[ back ]
Whitehall school district staying in the black
With Whitehall schools considering a district-wide building improvement project, the forecast for the district's operating expenses over the next five years is a little rosier than expected.
During the Oct. 8 regular meeting of the Whitehall Board of Education, Treasurer Tim Penton led the board in a budget discussion focusing on the five-year financial forecast.
He began with fiscal year 2008, which is expected to have $28.318 million in revenue, $23.304 million in expenditures - leaving the district with $13,155 remaining.
"This fiscal year we appear that we will kind of break even," he said. "It leaves us with a positive balance."
However, Penton said by fiscal year 2009 the district will be in a deficit spending status. It is forecasted that revenues will be $28.49 million and expenditures will be $30 million, with the district needing to make up $1.5 million from its "savings," or unreserved funds account.
By tapping into those unreserved funds, Penton said, "It still leaves us with a positive balance at the end of fiscal year 2009."
This pattern continues through fiscal years 2010 and 2011, until the unreserved funds are depleted.
Penton said he has previously projected the district would run into a negative balance sooner than this.
"Why can we continue to go positive through fiscal year 2010 and 2011?" Penton asked the board. "The simple explanation is we took in more money than we expected and we spent less than we expected."

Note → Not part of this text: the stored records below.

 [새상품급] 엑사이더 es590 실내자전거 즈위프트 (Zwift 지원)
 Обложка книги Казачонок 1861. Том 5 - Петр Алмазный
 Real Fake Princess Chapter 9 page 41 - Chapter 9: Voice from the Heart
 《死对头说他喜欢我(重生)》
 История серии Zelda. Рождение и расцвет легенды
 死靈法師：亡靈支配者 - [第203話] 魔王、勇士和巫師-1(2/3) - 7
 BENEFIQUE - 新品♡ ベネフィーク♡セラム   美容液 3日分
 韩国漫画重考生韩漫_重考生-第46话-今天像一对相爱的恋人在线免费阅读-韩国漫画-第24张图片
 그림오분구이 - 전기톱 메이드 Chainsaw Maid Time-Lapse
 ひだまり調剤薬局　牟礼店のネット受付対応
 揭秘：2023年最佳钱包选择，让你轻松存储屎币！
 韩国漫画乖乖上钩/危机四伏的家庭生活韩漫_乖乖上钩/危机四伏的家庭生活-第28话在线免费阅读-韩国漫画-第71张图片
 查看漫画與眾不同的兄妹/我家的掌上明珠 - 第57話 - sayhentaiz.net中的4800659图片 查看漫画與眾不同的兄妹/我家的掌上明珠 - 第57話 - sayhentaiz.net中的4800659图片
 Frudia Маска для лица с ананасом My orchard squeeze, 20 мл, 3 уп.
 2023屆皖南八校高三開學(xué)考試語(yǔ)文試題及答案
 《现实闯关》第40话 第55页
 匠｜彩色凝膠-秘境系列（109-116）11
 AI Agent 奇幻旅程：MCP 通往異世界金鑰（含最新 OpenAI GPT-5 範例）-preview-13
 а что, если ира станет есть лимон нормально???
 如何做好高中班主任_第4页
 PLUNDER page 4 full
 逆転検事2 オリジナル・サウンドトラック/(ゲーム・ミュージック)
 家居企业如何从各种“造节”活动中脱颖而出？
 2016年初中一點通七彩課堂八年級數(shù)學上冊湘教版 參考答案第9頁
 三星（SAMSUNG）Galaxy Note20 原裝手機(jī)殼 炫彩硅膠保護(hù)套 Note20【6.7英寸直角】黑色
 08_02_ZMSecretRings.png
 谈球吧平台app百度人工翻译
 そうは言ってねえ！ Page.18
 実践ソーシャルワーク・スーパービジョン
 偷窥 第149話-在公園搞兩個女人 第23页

The increased revenue is not due to real estate taxes, he noted.
"We really have not seen a great growth in real estate taxes," he said. "The money did not come from there."
Instead, Whitehall has seen a significant increase in state foundation money and poverty-based assistance, which was not expected.
"I want to stress that when I forecast something for five years I can only give you, at least, two years," Penton explained. "When you start projecting the numbers out it can really move the bottom line."
Whitehall's state foundation money has increased as much as 25 percent some years, jumping from $6.9 million in fiscal year 1999 to $14.6 million in fiscal year 2008, he noted.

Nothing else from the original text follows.